Reproduce the data below exactly. Skip the pictures.

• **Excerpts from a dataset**
━━━━━━

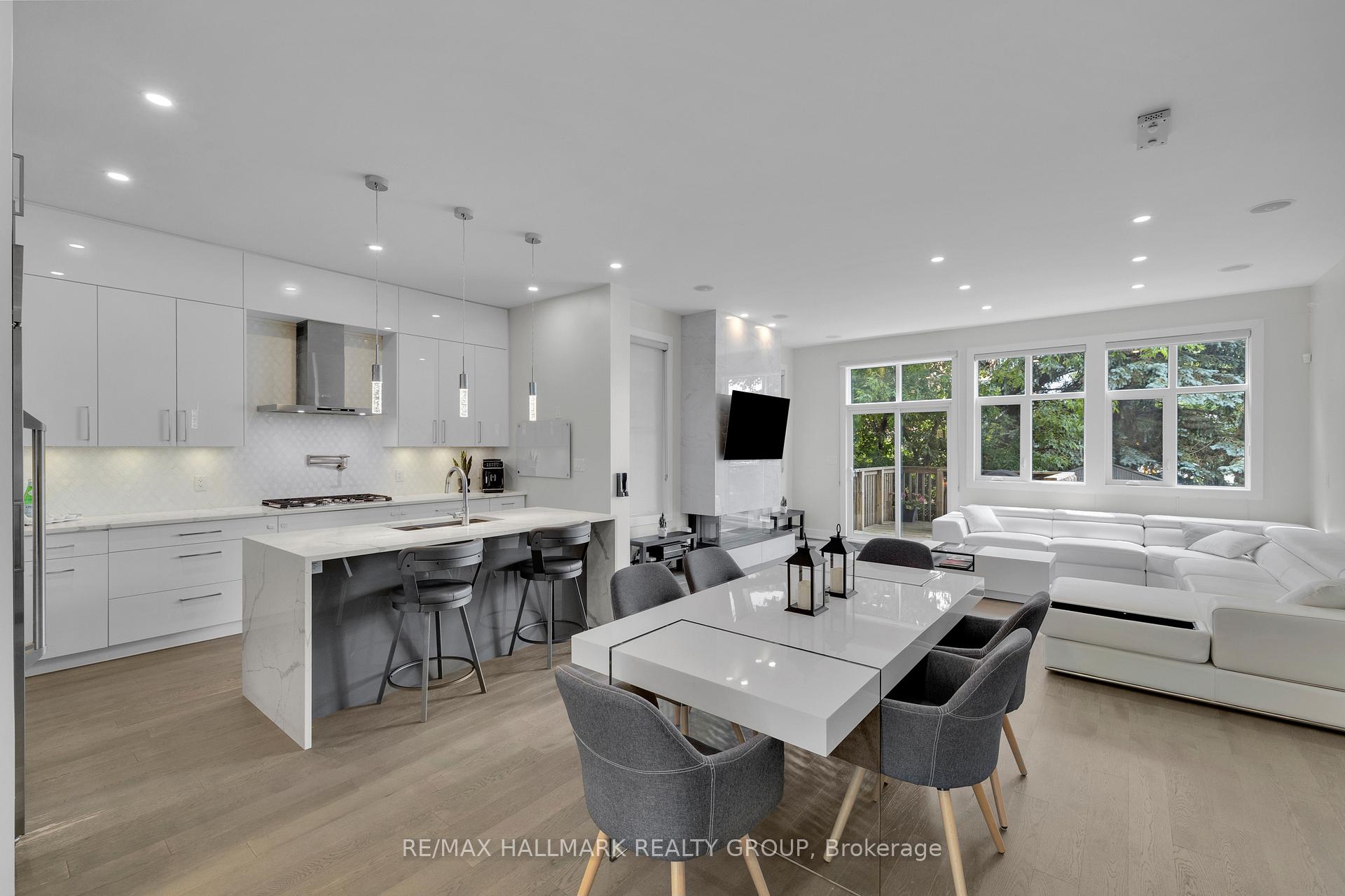 Photo 7 of 804 Kingsmere Avenue, Ottawa, McKellar Heights/Glabar Park — HOMEH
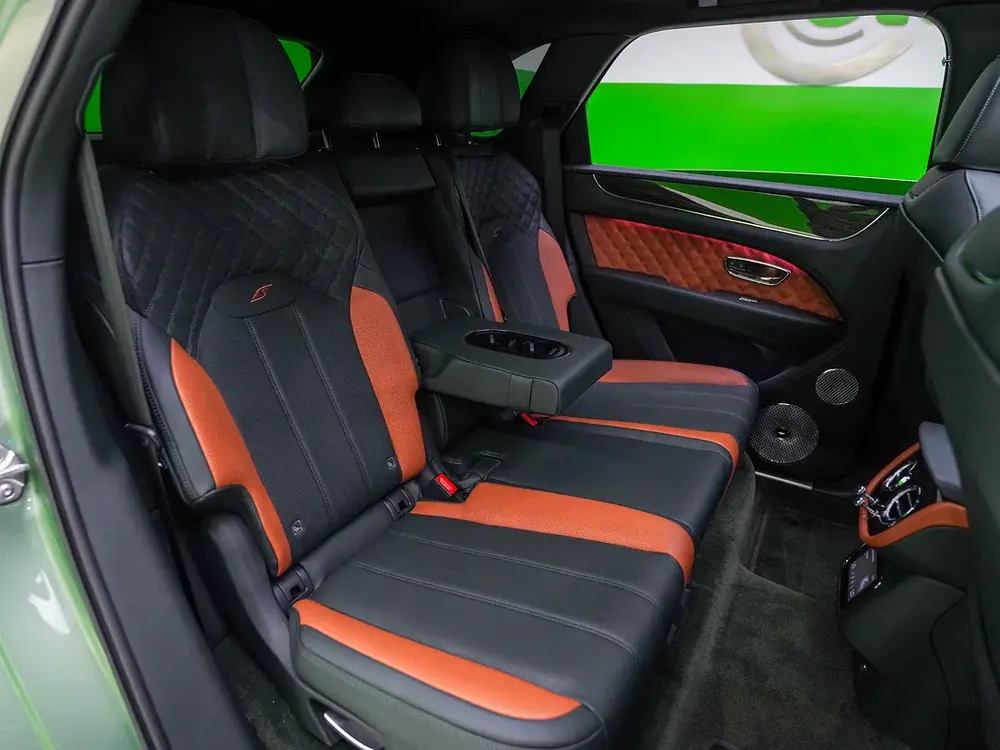 2022 BENTAYGA BLACKLINE - TOURING PACKAGE - MULLINER - CARBON PACKAGE WITH NAIM - Image 16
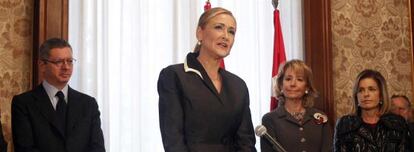 Cristina Cifuentes promete el cargo ante Gallardón, Aguirre y Botella.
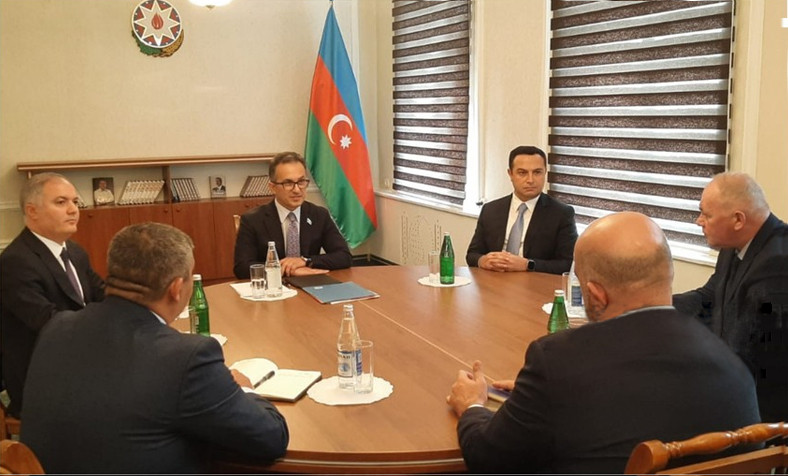 Representatives of Karabakh’s Armenian residents arrive in Yevlakh for meeting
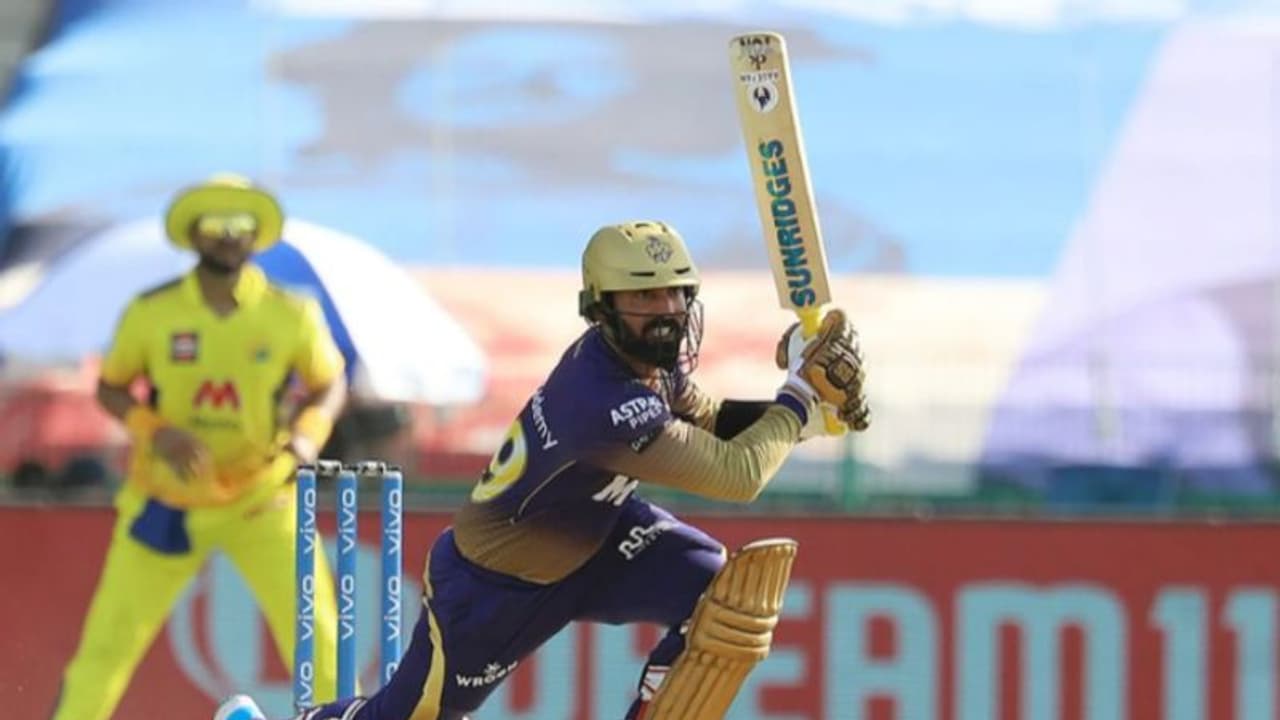 IPL 2021 #CSKvsKKR திரிபாதி, ராணா, தினேஷ் கார்த்திக் அதிரடி.. சிஎஸ்கேவிற்கு சவாலான இலக்கை நிர்ணயித்த கேகேஆர்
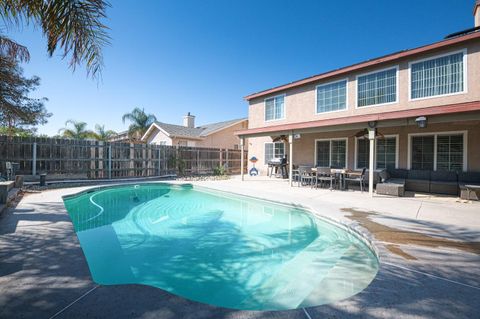 A home in Lemoore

━━━━━━

• **Final answer**
 Photo 7 of 804 Kingsmere Avenue, Ottawa, McKellar Heights/Glabar Park — HOMEH
 2022 BENTAYGA BLACKLINE - TOURING PACKAGE - MULLINER - CARBON PACKAGE WITH NAIM - Image 16
 Cristina Cifuentes promete el cargo ante Gallardón, Aguirre y Botella.
 Representatives of Karabakh’s Armenian residents arrive in Yevlakh for meeting
 IPL 2021 #CSKvsKKR திரிபாதி, ராணா, தினேஷ் கார்த்திக் அதிரடி.. சிஎஸ்கேவிற்கு சவாலான இலக்கை நிர்ணயித்த கேகேஆர்
 A home in Lemoore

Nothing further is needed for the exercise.